Dans de telles situations, nous mettons les blessés dans la salle de postpartum afin de les stabiliser. Quand ils commencent à arriver, nous demandons aux mamans de se diriger vers la salle d’accouchement pour qu’elles ne soient pas mélangées avec les cas de traumatisme, pour qu’elles soient à l’aise. Nous ne voulons surtout pas qu’elles stressent – tu imagines ! Tu viens d’accoucher, et maintenant il y a un afflux de blessés là où tu te reposes.
Les femmes sont conscientes de ce qui se passe autour d’elles dans ces moments de crise. Mais généralement elles ne s’affolent pas parce qu’elles connaissent tout ça : certaines mamans ne sont pas sorties du quartier depuis le 5 décembre 2013[2]. Elles ont donc l’habitude de voir ces épisodes de violence. Elles font des blagues parfois, elles nous remercient, elles sont compréhensives. »
[2] 5 décembre 2013 : le jour où les anti-balaka ont fait leur entrée dans la capitale pour chasser le régime Séléka.

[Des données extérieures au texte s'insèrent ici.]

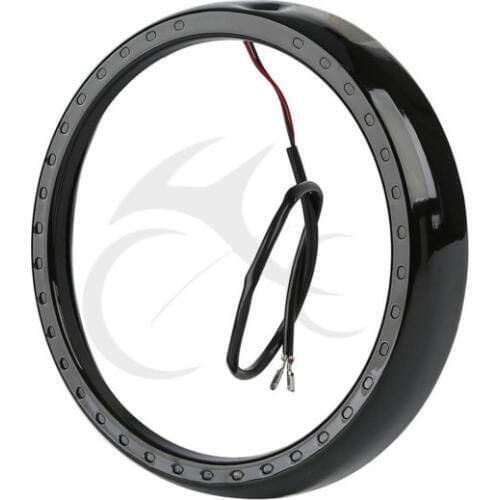 7" in Headlight Trim Ring & Light For Harley Touring Road Street Tri Glide Black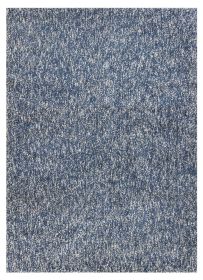 2' X 4' Indigo And Ivory Abstract Hand Woven Area Rug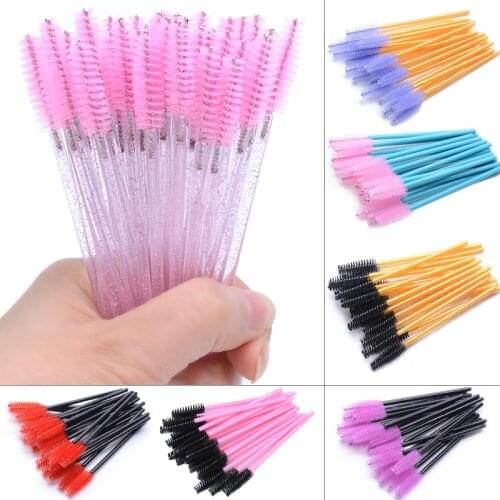 High Quality 25PCS Reusable Eyelash Brushes Professional Eyelash Extension Spoolie Mascara Wands Appliers Makeup Tool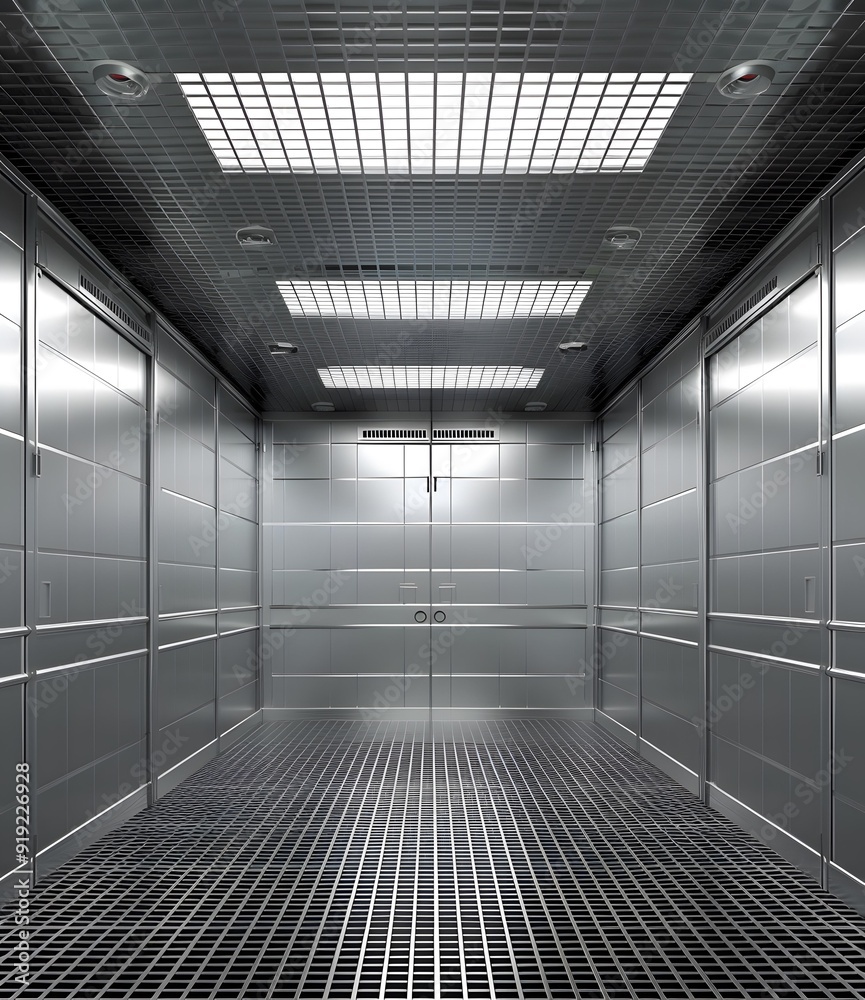 Obraz premium Steel Room with Metal Grating Floor and Doors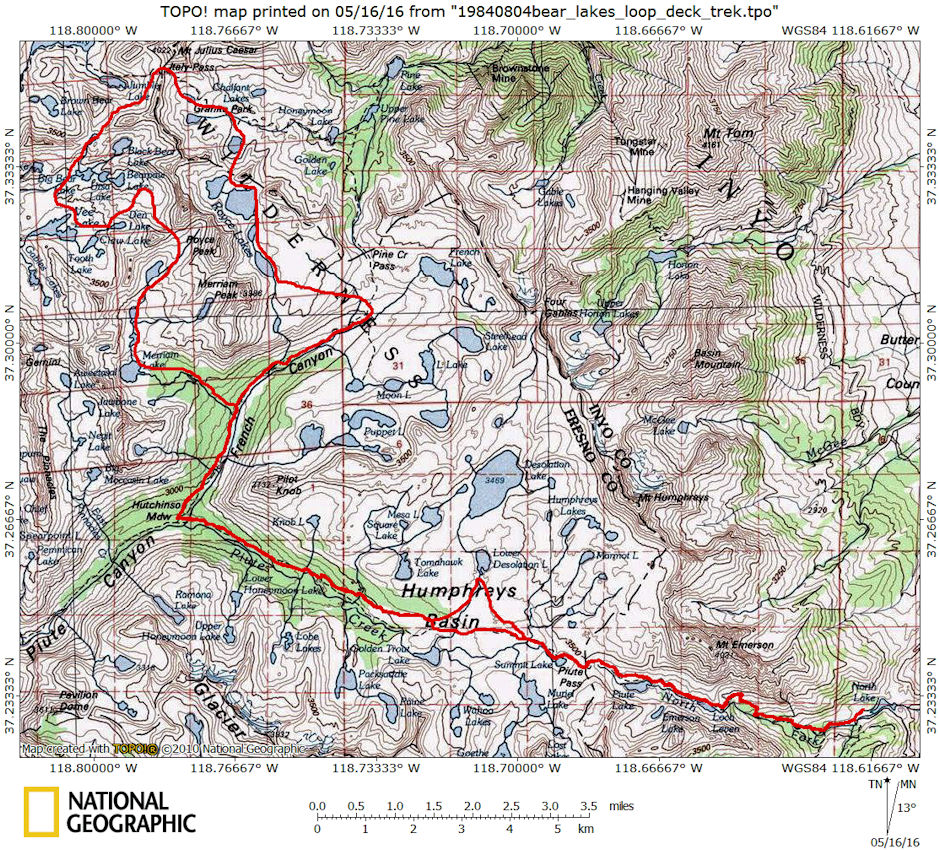 Bear Lakes Loop Deck Trek Route Map Bear Lakes Loop Deck Trek Route Map
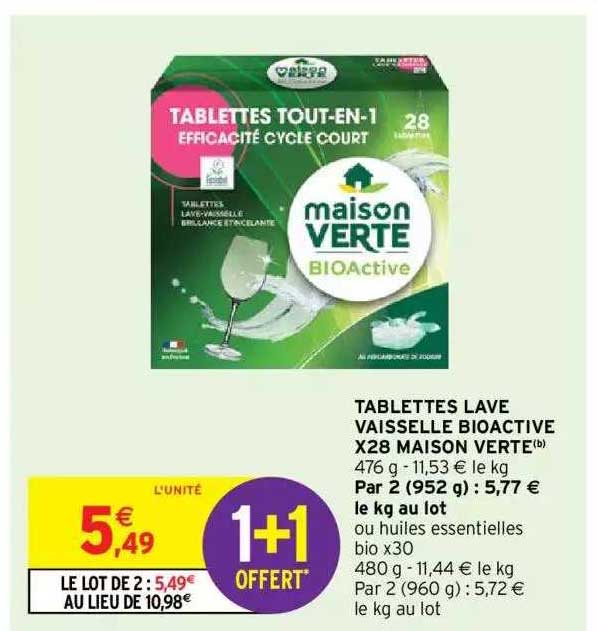 tablettes lave vaisselle bioactive x 28 maison verte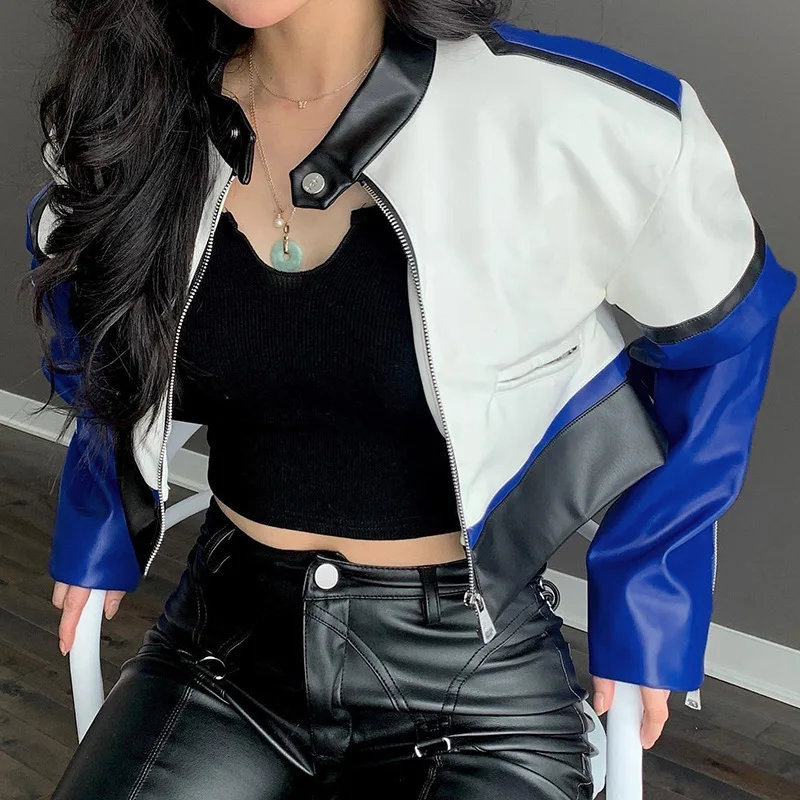 Street Trend Short Leather Jacket Ins Niche Design Biker Jacket Hundred Personality Collision Color Top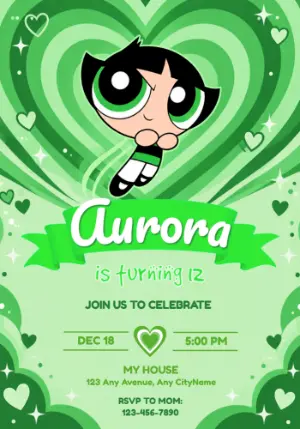 Powerpuff Girls Buttercup Birthday Invitation | Editable Template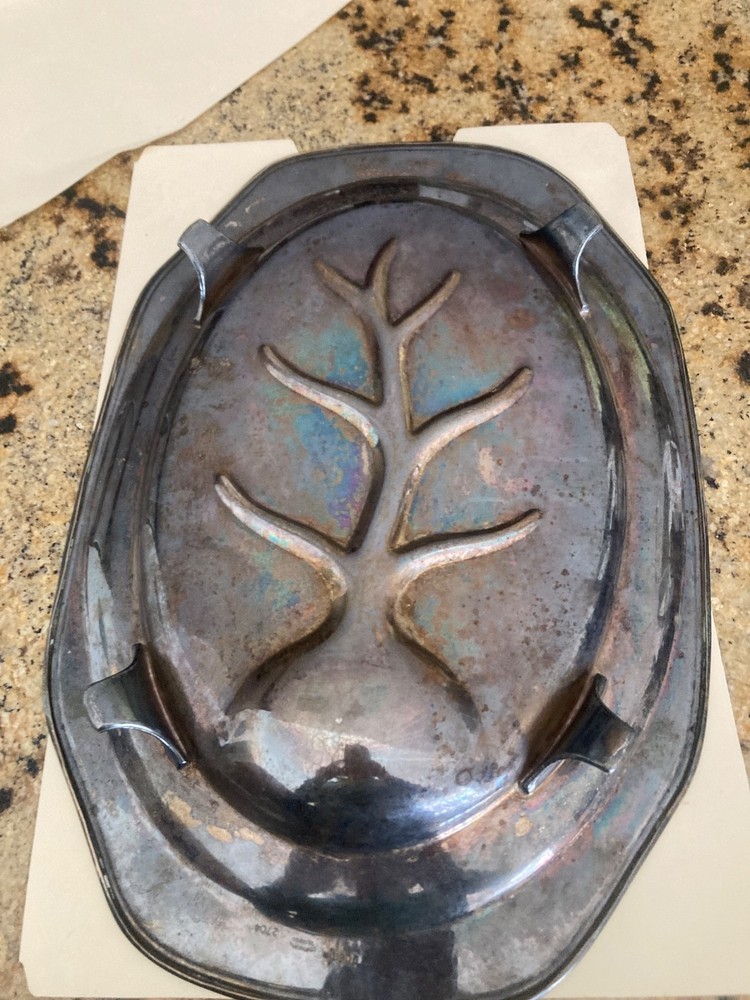 1920's Thanksgiving Tree serving PLATTER CONTINENTAL SILVER Co 2704 Turkey Tray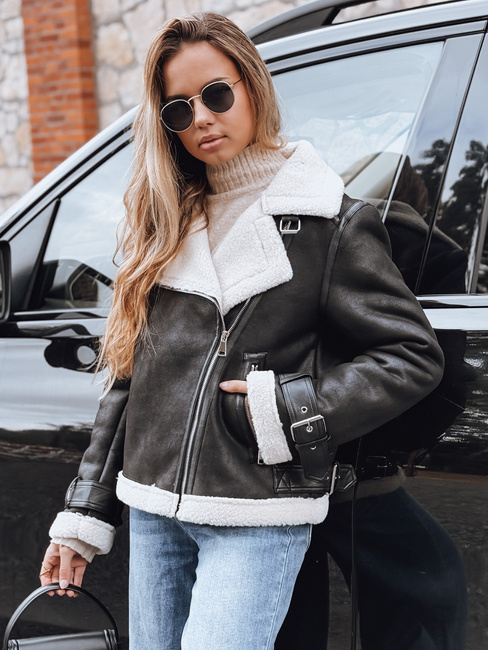 Női ramones dzseki báránybőrrel fekete Dstreet TY5237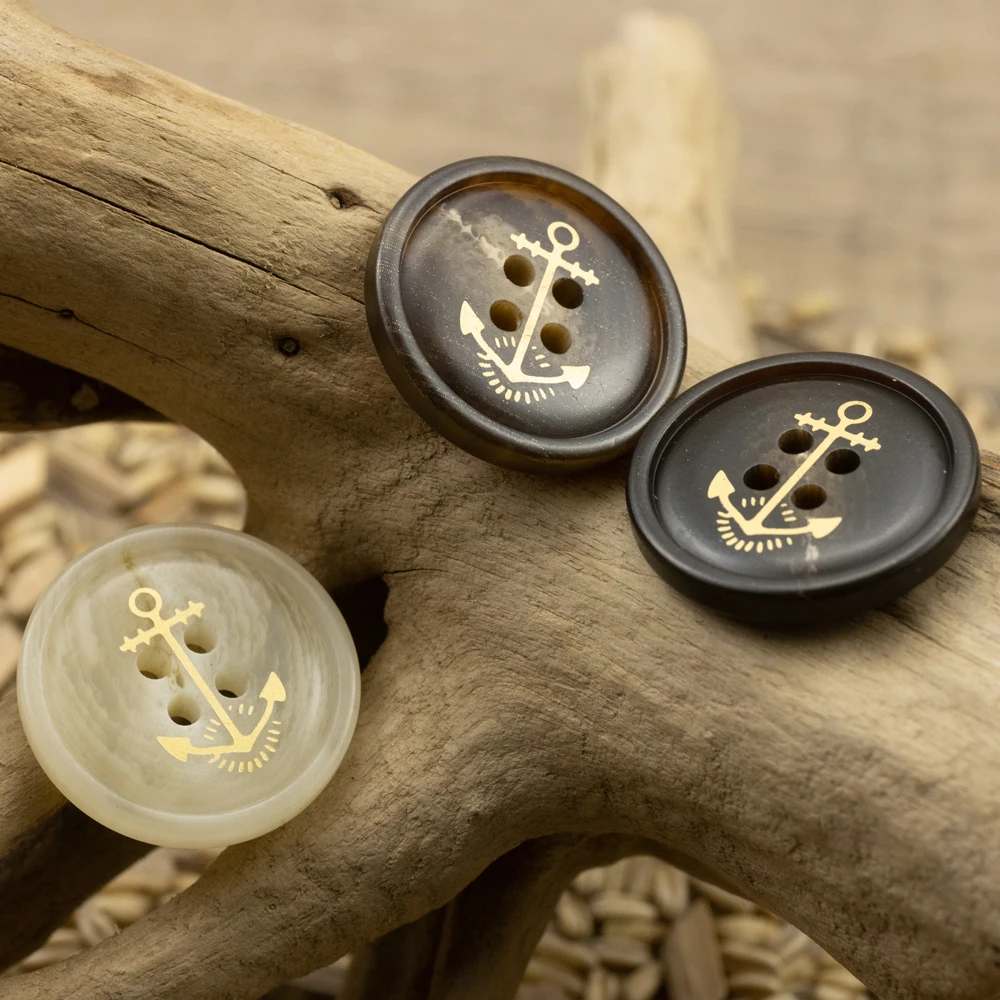 

10pcs Beige Anchor Polyester Buttons For Clothing Sewing Accessories Windbreaker Suit Uniforms Cashmere Coats Eco Winter Button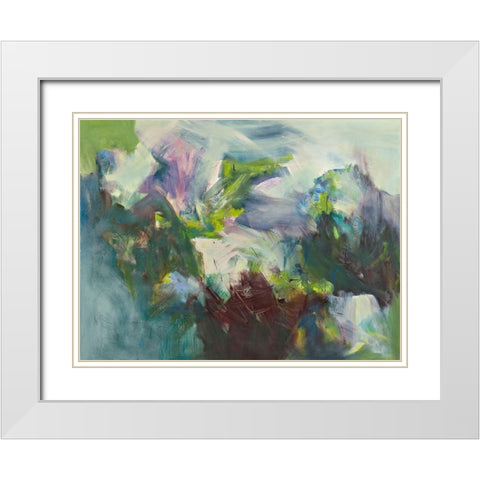 En Verde White Modern Wood Framed Art Print with Double Matting by Arana, Emilia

MSF dans le quartier de PK5
En janvier 2016, la maternité de Gbaya Ndombia dans le quartier de PK5 a été ouverte,
offrant des soins gratuits et de qualité aux femmes. Gbaya Ndombia et la maternité de Castors, toutes les deux gérées par MSF, sont les seules structures de santé à Bangui à proposer des soins de santé maternelle gratuits, 24 heures sur 24, 7 jours sur 7. Le centre Gbaya Ndombia est la seule maternité dans ce secteur de la ville. En plus des soins maternels, l’équipe MSF propose des consultations de planning familiale, prévention de transmission mère-enfant du VIH, et soins psychologiques et médicaux pour les victimes de violence. Ses équipes polyvalentes sont également formées en gestion d’urgences et des cas de trauma. Depuis son ouverture en janvier 2016, la maternité de Gbaya Ndombia a déjà dû faire face à neuf afflux de blessés. Au cours du 1er semestre 2016, les équipes MSF y ont assisté à 251 accouchements, ont pris en charge 26 victimes de violences sexuelles et ont effectué 1 829 cas de planning familial.